--- DATASET CONTENT Enclosed Below ---

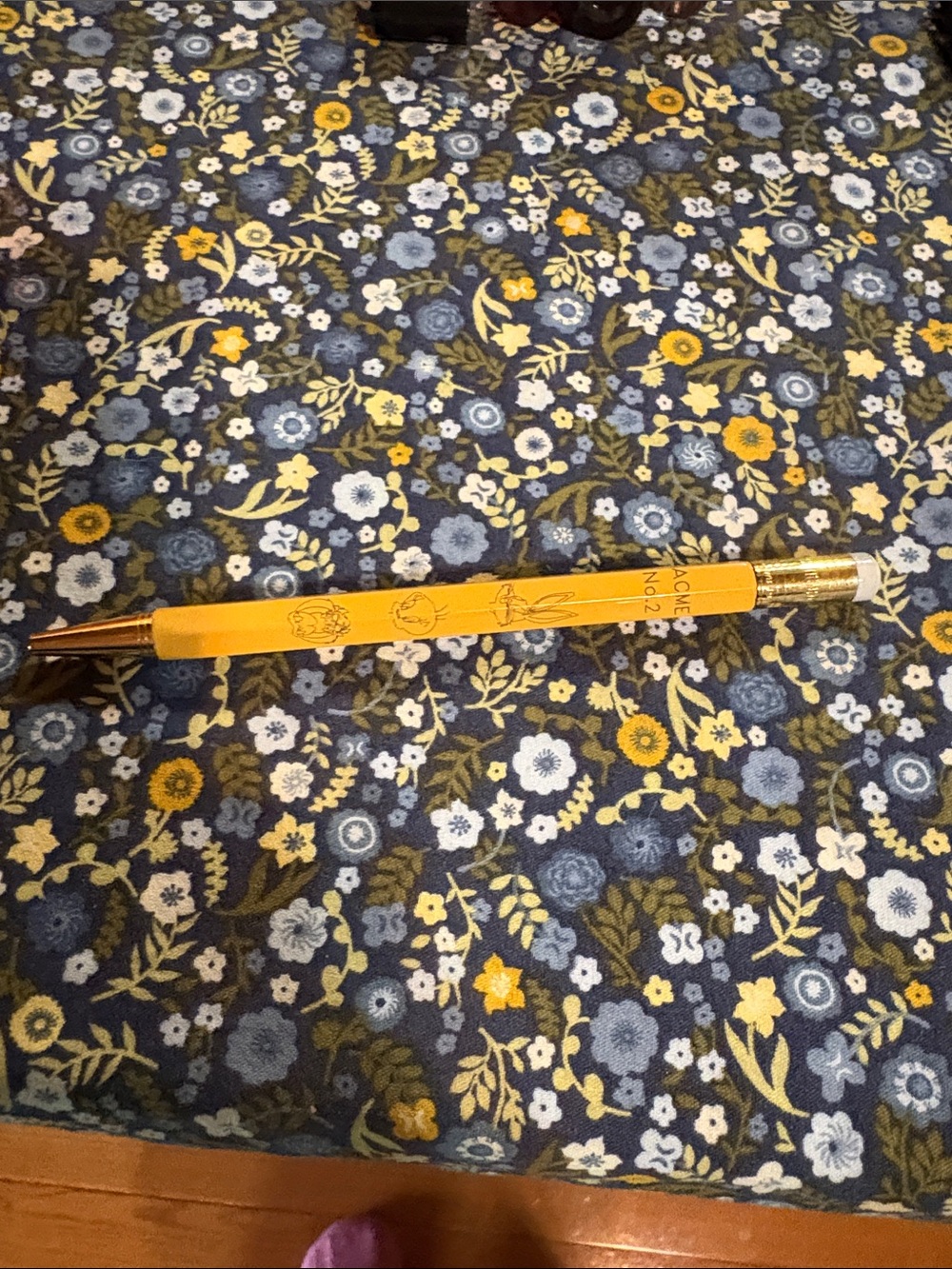 Acme no 2 Looney Toons Pen Metal and Heavy
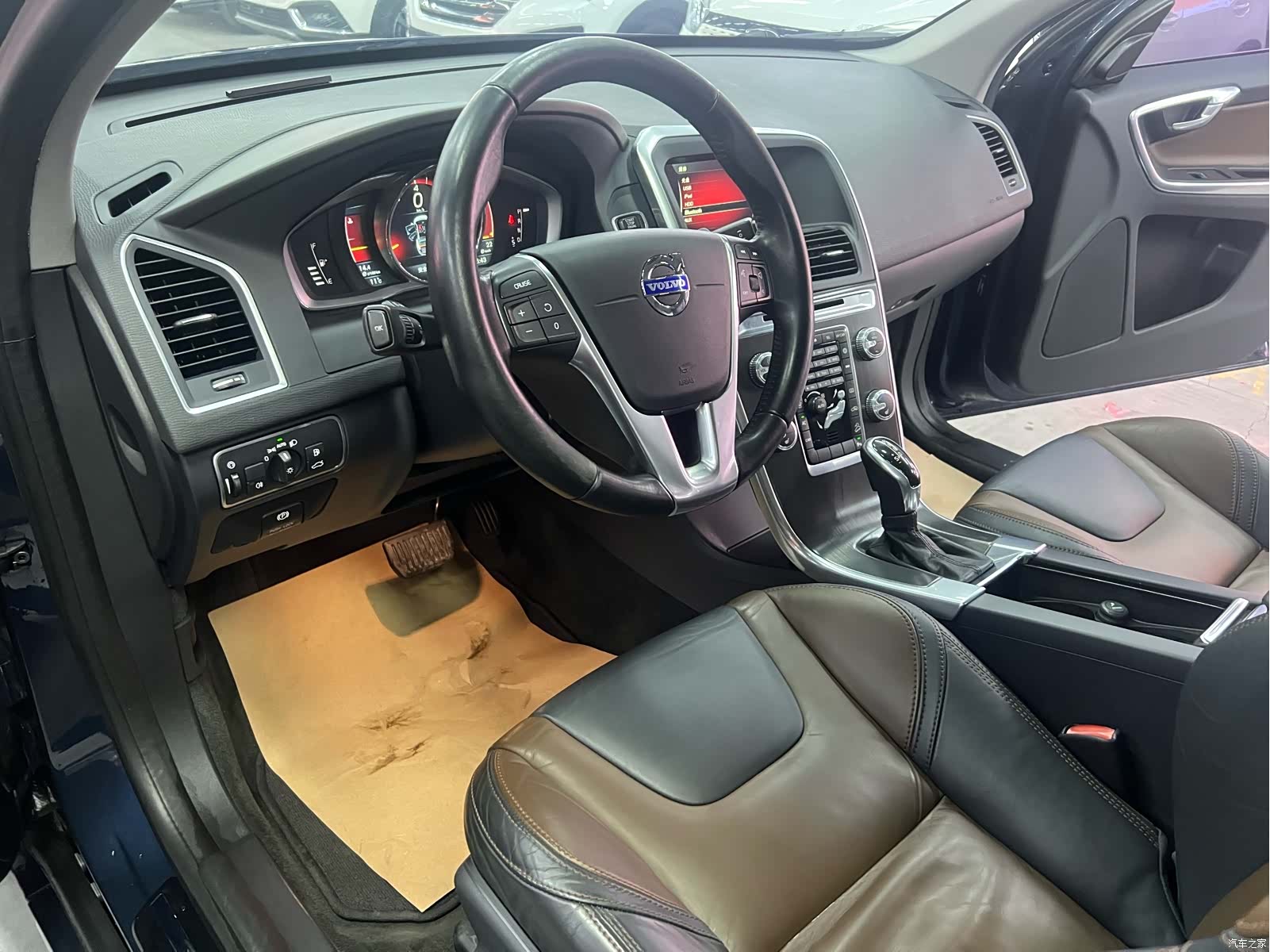 Volvo XC60, 2014 8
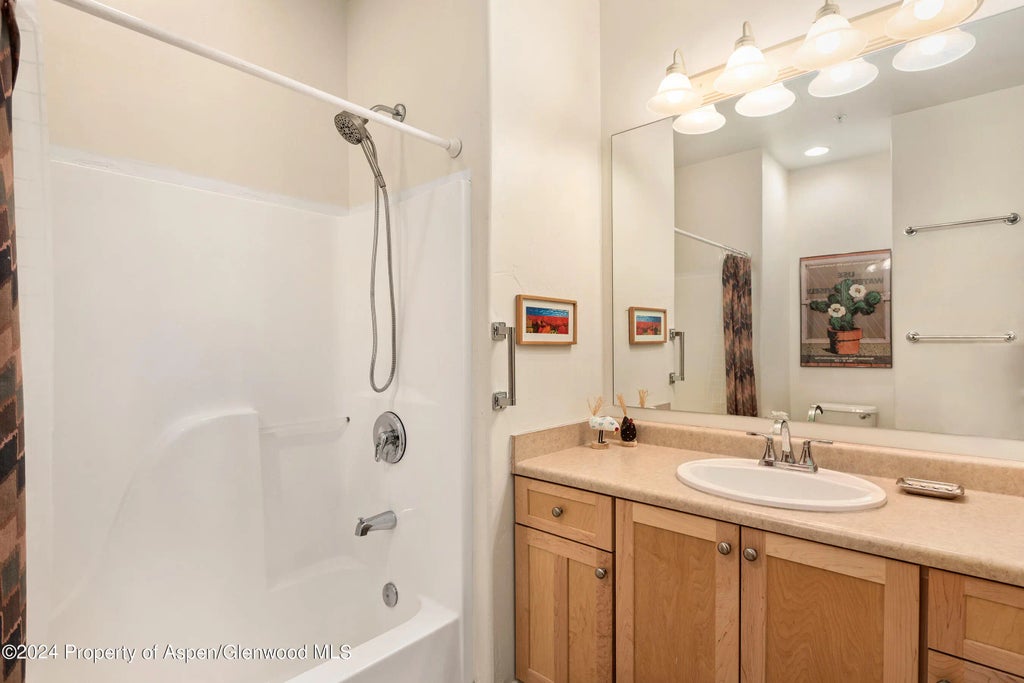 11 of 12 - 546 Evans Court, Basalt, CO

--- End of Enclosed DATASET CONTENT ---

**PROBLEM**
Except for the pictures, give all the material above again verbatim.

**ANSWER SPACE**
 Acme no 2 Looney Toons Pen Metal and Heavy
 Volvo XC60, 2014 8
 11 of 12 - 546 Evans Court, Basalt, CO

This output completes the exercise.